OpenAI May Have To Wipe ChatGPT And Start Over
OpenAI, the company behind the popular generative AI tool ChatGPT, could be forced to wipe its chatbot and start over completely, according to a new report from NPR (via Ars Technica). The wipe may come as part of a potential lawsuit which could also see OpenAI fined up to $150,000 for each piece of copyrighted material used to train the language model.

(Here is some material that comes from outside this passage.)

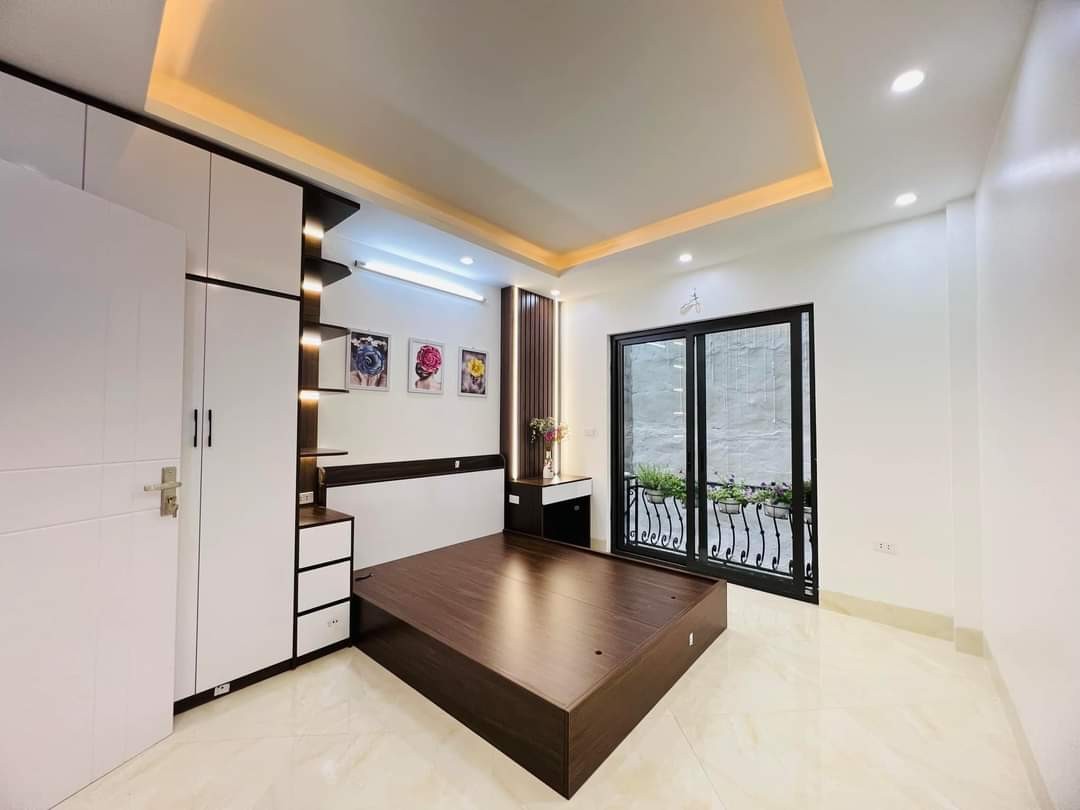 Siêu phẩm nhà Hoàng Mai DT 30m² x 5 tầng nhà mới, ngõ thông, sát đường oto giá chỉ 3,6 tỷ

ChatGPT has made quite a stir over the past several months, especially as users have found various ways to use the generative AI tool. One of our own, Chris Smith, has even used ChatGPT to train for a half-marathon, and we're even seeing it used to create AI-generated reviews now, too. But the success of the language model behind the generative AI could have come at a very steep cost.
See, language models like GPT-3.5 and GPT-4 – which make ChatGPT's generative AI work – are trained using third-party data. And OpenAI has even created a web-scraping bot that can pull information from websites to train the GPT model. The problem here, though, is that OpenAI isn't just relying on freely available and non-copyrighted material. It's also using copyrighted material to train its AI models, and it's been doing so without permission.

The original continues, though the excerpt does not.